In any case, you have just to connect this price_entries
tables like you have already on diagram - using main unique id
of product. Then, again, you have figure out how to say that specific entry is the current one - similarly like above you can
try to reflect that by some current_price
entity, but it seems like overcomplicating. There some active
columns seems like doing a job. Do you need to connect specific price entry with specific version of product?
And please make sure that products attributes are kind of lookups (with dedicated tables), not free text fields, as it easily brings a mess to db.
In SQL Server my first thought would be to use temporal tables ("system versioned tables" from the SQL2011 standard) for everything, which we have used with some success in a couple of products. This way your main logic doesn't need to care about maintaining the history, just work with the current data as you otherwise would, only queries that specifically need to look back in time have to care at all.

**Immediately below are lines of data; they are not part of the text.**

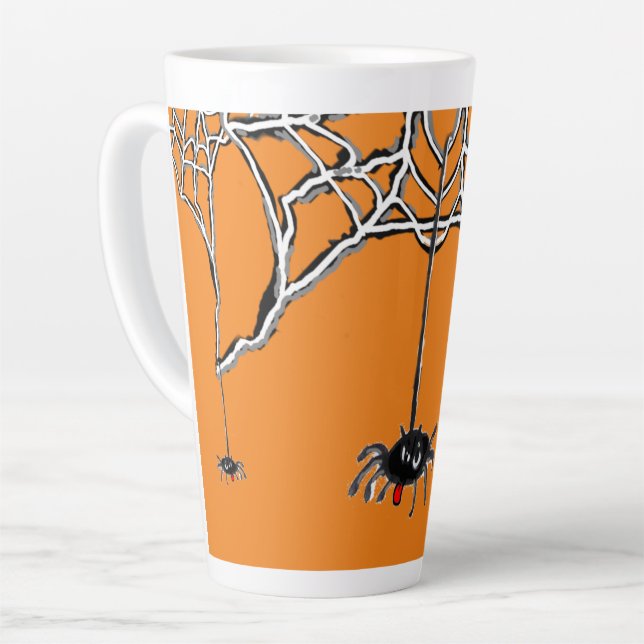 Funny Spiders Cartoon Cust. Orange Latte Mug (Left Angle)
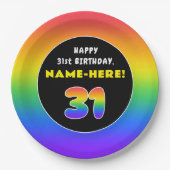 31番目の誕生日カラフル: Rainbow # 31,名前をカスタムする ペーパープレート (正面)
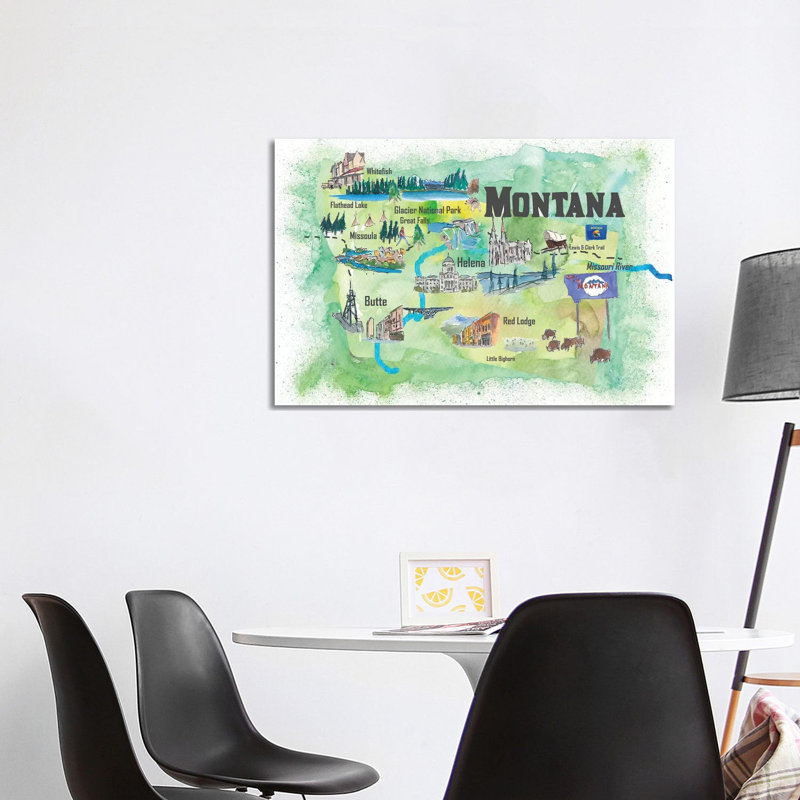 USA, Montana Illustrated Travel Poster 1 Piece Wrapped Canvas Wall Art, 101.6 cm H x 66.04 cm W x 1.91 cm D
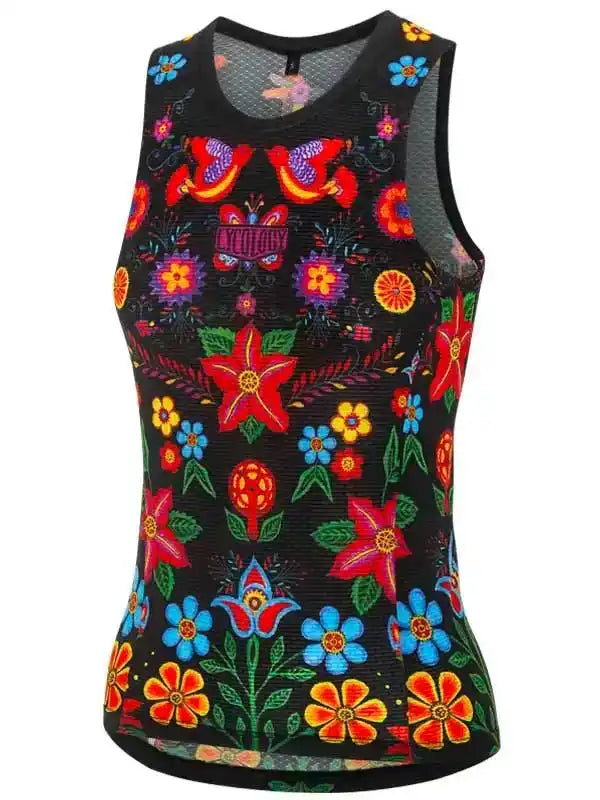 Women's black cycling jersey with vibrant floral and butterfly print, breathable mesh back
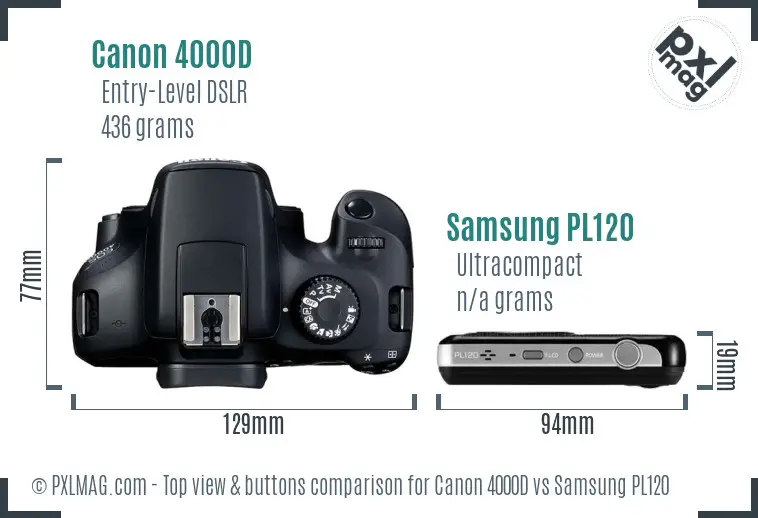 Canon 4000D vs Samsung PL120 top view buttons comparison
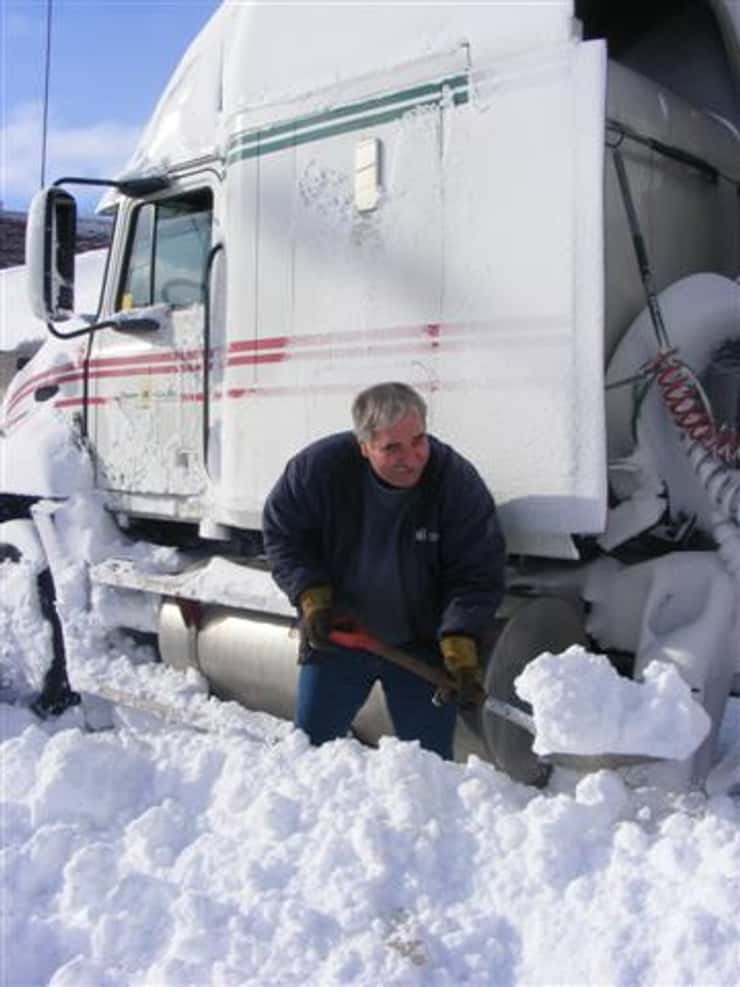 Trucker Doug McFarland Digging out on Oil Heritage Rd. during snowmageddon in 2010 (Submitted photo)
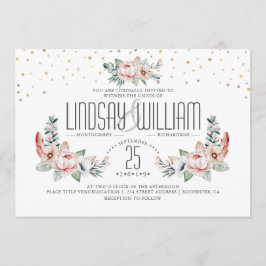 Invitación Rosa | Elegante Boda de Jardín de Verano Floral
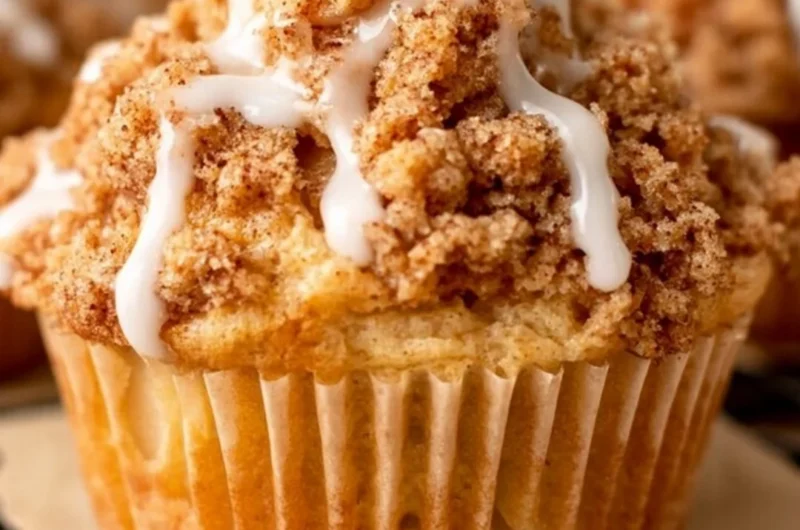 Cozy apple crumble muffins baked with a crunchy topping and fresh apple filling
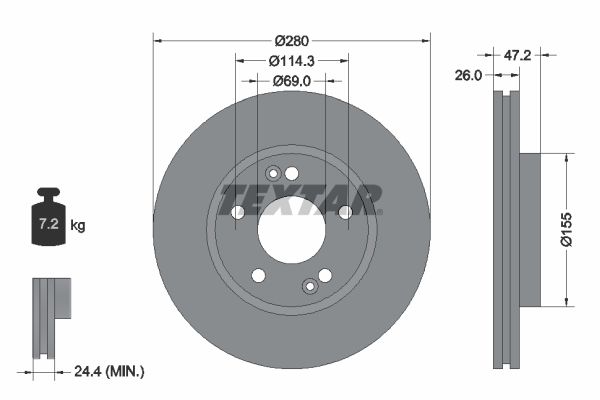 TEXTAR 92161605 Brake Disc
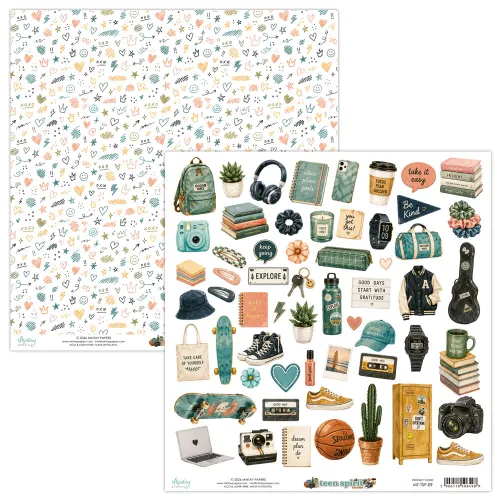 papier scrapbook Mintay Papers - teen spirit - arkusz z elementami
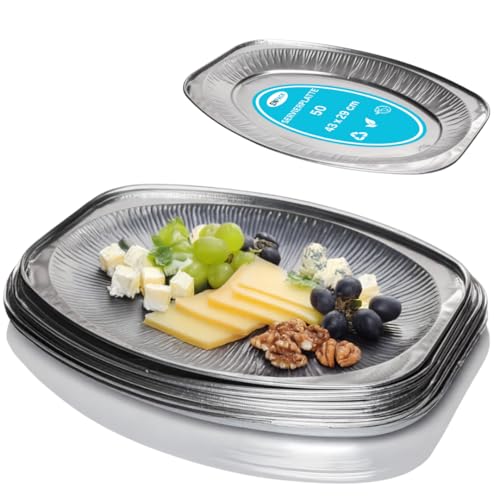Enpack Alu Servierplatte 43 x 29 cm - ovaler einweg Teller - große Tortenplatte für Catering, Party oder andere Veranstaltungen - Aufschnittplatte (43 x 29cm, 10, stück)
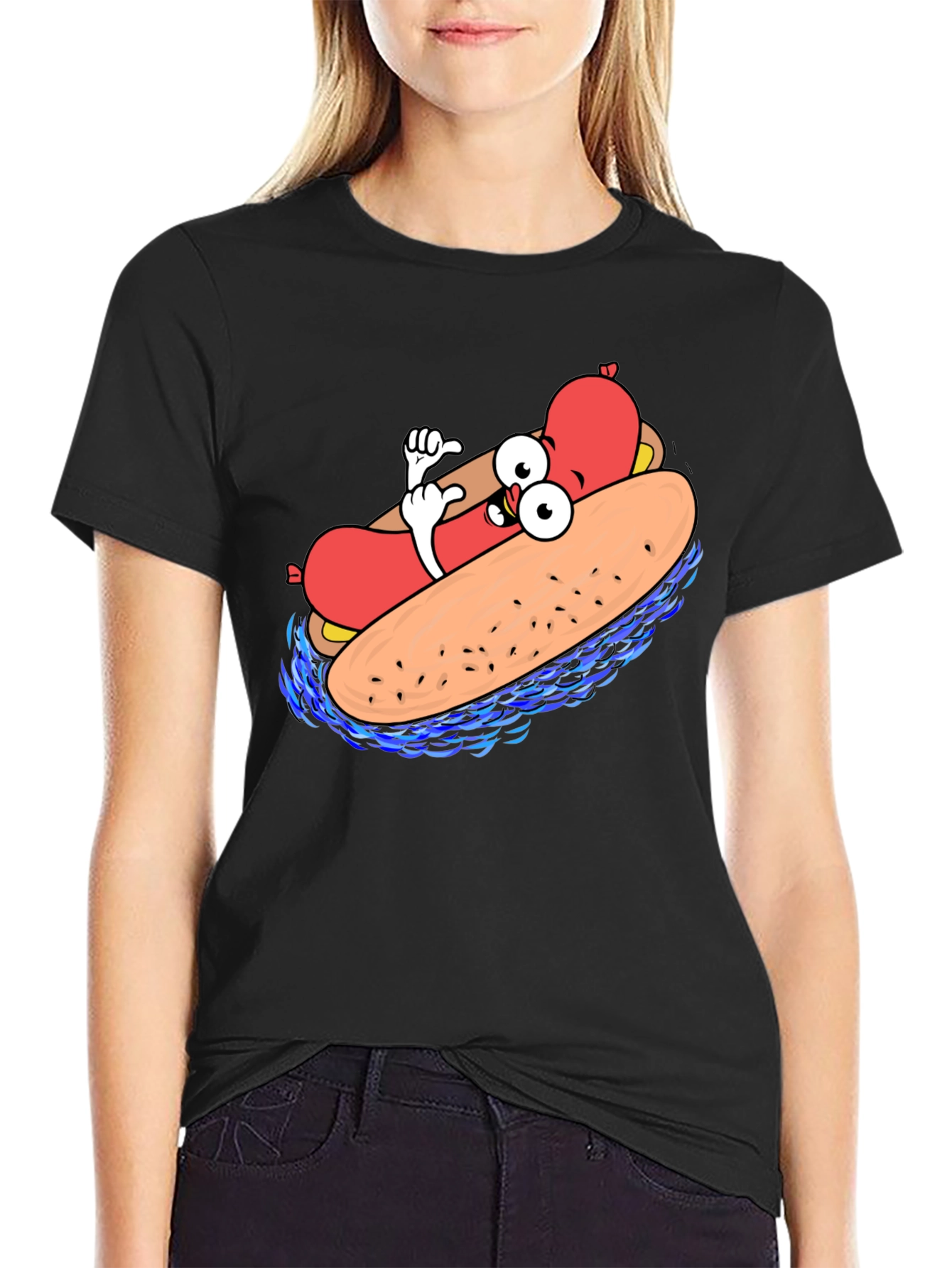 Cool Cartoon Hotdog Black T-Shirt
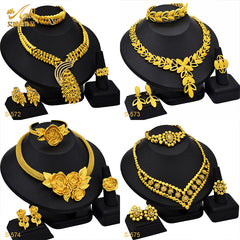 Renevo 24K Dubai Gold Jewelry Suit African Popular Jewelry Earrings Four-Piece Set Factory in Stock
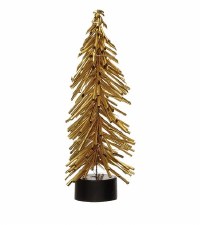 Plastic Tree With 10 LED Lights, 6.75"H - Gold Finish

While these are not supported by postgres that I know of (there are a couple of extensions listed in a quick search, but I don't know how complete/stable/supported they are) you could emulate the structure or something similar using triggers to populate the history tables as changes happen (something I did in our legacy products before temporal tables were available in SQL Server). You don't gain the syntactic sugar of statements like SELECT some_stuff FROM this_table AS OF SYSTEM_TIME a_specific_timestamp
but you'll have the data there to query more manually.